|
Sadly, I discovered too late in my classroom-teaching life how poetry can dramatically enliven a writing workshop environment in a classroom, and help young writers--especially the struggling ones--to find their voices. It's magical.
And it's amazingly easy and fun to teach.
I have assembled below, and on the next page, a few thoughts and references to help you think about and implement poetry in your classroom. I hope you find them a help.
Please let me know how I can help you bring poetry to your classroom!
• Click Here for a bibliography of resources to get you started.
Why do poetry with kids?
A quick argument for teachers. (As if they needed convincing!)
Poetry, I've discovered, can be a stunningly important writing destination in the curriculum, even if it isn't mandated.
How?
* Tangled writers (and readers) can be turned on by poetry's shorter format, its rhythms, and the emotional connection that writing poetry demands.
* Working with kids on careful word selection--including the magic of comparisons through simile and metaphor--can amazingly transform their poetry and their prose. Horizons are suddenly expanded and kids take more care in revising!
* Kids love sharing their own poems, and those of others, orally. Poetry reading is a fabulous way to teach presentation skills and build confidence.
* Kids often write from their heart with poems, more than in their prose.
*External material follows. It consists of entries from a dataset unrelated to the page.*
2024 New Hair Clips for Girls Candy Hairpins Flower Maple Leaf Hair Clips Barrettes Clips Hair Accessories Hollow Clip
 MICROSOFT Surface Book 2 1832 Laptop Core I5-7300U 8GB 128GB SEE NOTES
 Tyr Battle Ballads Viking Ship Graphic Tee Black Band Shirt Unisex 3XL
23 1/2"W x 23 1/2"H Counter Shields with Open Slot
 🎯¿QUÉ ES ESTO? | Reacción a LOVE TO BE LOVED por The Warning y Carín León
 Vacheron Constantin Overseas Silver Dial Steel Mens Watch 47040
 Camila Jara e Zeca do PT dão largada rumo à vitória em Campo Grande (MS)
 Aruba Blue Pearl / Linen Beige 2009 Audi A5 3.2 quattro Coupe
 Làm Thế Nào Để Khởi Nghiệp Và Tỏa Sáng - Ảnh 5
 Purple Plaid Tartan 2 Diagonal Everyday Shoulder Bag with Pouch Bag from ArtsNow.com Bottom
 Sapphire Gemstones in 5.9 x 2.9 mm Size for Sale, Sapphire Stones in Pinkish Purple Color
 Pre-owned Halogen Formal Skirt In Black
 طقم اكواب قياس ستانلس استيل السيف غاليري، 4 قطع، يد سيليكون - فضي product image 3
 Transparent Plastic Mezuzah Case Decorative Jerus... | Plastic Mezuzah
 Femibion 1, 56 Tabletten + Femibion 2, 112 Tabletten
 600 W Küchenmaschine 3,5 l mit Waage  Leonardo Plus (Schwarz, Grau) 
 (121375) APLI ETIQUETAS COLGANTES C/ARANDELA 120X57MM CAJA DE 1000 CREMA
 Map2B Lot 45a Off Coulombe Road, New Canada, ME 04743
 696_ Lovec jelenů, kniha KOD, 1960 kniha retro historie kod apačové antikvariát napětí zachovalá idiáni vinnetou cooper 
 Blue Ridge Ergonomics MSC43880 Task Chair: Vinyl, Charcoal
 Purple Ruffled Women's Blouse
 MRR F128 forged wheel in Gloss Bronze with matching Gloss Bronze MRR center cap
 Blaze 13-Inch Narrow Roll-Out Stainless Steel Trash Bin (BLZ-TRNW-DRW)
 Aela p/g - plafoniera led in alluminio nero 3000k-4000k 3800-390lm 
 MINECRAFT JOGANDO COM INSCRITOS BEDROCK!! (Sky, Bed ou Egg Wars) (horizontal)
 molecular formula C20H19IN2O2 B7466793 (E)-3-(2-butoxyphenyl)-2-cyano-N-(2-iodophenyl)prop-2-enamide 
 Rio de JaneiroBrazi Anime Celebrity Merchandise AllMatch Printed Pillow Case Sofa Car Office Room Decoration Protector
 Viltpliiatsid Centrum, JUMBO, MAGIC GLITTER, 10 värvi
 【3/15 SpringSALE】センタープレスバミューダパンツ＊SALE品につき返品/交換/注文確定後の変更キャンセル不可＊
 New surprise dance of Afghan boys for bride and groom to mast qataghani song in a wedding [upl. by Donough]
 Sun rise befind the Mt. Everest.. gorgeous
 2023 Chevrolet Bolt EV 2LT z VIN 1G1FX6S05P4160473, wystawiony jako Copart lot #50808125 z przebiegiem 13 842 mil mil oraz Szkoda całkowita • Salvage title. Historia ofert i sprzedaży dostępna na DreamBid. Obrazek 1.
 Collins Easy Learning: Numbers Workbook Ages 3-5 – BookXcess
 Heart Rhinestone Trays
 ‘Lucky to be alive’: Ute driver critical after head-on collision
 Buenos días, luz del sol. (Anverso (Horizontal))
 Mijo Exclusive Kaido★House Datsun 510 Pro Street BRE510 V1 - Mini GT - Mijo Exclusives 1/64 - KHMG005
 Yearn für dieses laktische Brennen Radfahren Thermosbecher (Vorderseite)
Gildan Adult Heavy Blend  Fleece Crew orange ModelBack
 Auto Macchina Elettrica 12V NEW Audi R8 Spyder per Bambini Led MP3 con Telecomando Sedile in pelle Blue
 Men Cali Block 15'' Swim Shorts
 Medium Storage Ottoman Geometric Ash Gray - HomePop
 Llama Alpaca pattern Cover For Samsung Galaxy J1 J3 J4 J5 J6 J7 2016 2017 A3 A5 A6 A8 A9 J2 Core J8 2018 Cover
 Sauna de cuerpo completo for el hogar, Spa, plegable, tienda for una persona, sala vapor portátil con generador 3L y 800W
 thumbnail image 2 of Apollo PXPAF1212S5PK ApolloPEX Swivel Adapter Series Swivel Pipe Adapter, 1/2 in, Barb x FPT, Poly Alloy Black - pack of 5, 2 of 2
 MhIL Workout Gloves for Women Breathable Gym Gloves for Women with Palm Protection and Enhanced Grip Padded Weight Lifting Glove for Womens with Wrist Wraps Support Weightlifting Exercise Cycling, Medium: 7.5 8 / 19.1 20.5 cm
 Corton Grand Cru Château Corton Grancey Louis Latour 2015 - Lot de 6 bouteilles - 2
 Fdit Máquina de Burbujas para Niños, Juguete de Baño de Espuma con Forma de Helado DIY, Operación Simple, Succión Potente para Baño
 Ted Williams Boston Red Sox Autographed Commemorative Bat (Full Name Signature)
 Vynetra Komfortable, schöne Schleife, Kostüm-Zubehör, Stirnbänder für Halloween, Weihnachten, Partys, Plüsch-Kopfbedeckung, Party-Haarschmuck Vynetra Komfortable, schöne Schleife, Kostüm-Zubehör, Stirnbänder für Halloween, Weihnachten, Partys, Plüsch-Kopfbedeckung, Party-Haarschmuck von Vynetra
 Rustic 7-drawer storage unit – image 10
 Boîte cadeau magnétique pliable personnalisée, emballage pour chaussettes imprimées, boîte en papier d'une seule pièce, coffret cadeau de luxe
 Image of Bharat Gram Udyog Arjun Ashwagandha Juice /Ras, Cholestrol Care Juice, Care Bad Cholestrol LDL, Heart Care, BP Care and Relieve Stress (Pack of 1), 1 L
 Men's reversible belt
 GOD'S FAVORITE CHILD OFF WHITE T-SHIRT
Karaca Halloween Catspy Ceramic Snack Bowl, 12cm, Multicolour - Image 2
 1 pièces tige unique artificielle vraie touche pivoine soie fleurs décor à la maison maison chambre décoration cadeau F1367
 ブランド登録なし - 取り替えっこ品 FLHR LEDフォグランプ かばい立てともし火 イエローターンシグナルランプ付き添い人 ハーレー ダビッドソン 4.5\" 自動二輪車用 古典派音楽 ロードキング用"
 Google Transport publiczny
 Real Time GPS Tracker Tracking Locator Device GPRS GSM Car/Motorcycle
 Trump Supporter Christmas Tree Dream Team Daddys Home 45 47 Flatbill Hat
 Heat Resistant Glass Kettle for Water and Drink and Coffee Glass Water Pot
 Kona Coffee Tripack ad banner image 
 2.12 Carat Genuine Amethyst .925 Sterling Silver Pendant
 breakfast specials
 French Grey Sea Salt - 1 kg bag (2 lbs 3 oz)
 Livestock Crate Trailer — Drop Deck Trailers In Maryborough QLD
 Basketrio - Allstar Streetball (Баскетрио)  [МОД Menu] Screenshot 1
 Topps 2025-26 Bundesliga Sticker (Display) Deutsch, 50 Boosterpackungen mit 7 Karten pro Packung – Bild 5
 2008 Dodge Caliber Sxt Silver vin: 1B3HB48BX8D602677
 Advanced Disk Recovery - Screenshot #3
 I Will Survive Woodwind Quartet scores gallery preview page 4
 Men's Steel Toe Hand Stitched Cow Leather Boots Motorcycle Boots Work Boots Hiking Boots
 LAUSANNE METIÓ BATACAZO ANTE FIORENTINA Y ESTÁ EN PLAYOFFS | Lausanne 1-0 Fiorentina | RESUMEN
You (and they) get a peek at what's inside that poet's heart.
Images, Music and Feelings
In my opinion, poetry's greatest gifts to writers of all ages is its ability to foster the creation of wonderfully new images and music, and to explore feelings. It's a pretty neat trick considering that the poet's only tools are words.
Getting kids to realize that they have the power and gifts to bring these three jewels shimmering to life in their writing is one of my goals in my school program visits. If children can develop the courage, faith, and the tools to create images, music and feelings in their writing--both poetry and prose--then the positive reverberations last life-long.
Images
Among the tools of poetry I stress most is getting kids to look at the images of our lives through a different lens. Seeing things in new ways is the essence of poetry. Most kids aren't used to doing this: looking for new words and ways to describe commonplace experiences.
Using some fun exercises, I try to work with children to paint new mental pictures in unusual ways. When you use the comparison palettes of metaphor and simile, and look at the world with different eyes, you always uncover surprising ideas and feelings. One way to explore this with kids is to take a work of a well-known poet, remove some of the figurative language (leave blanks) then use stickies to fill in the childrens' own metaphors, as they guess what the poet may have used.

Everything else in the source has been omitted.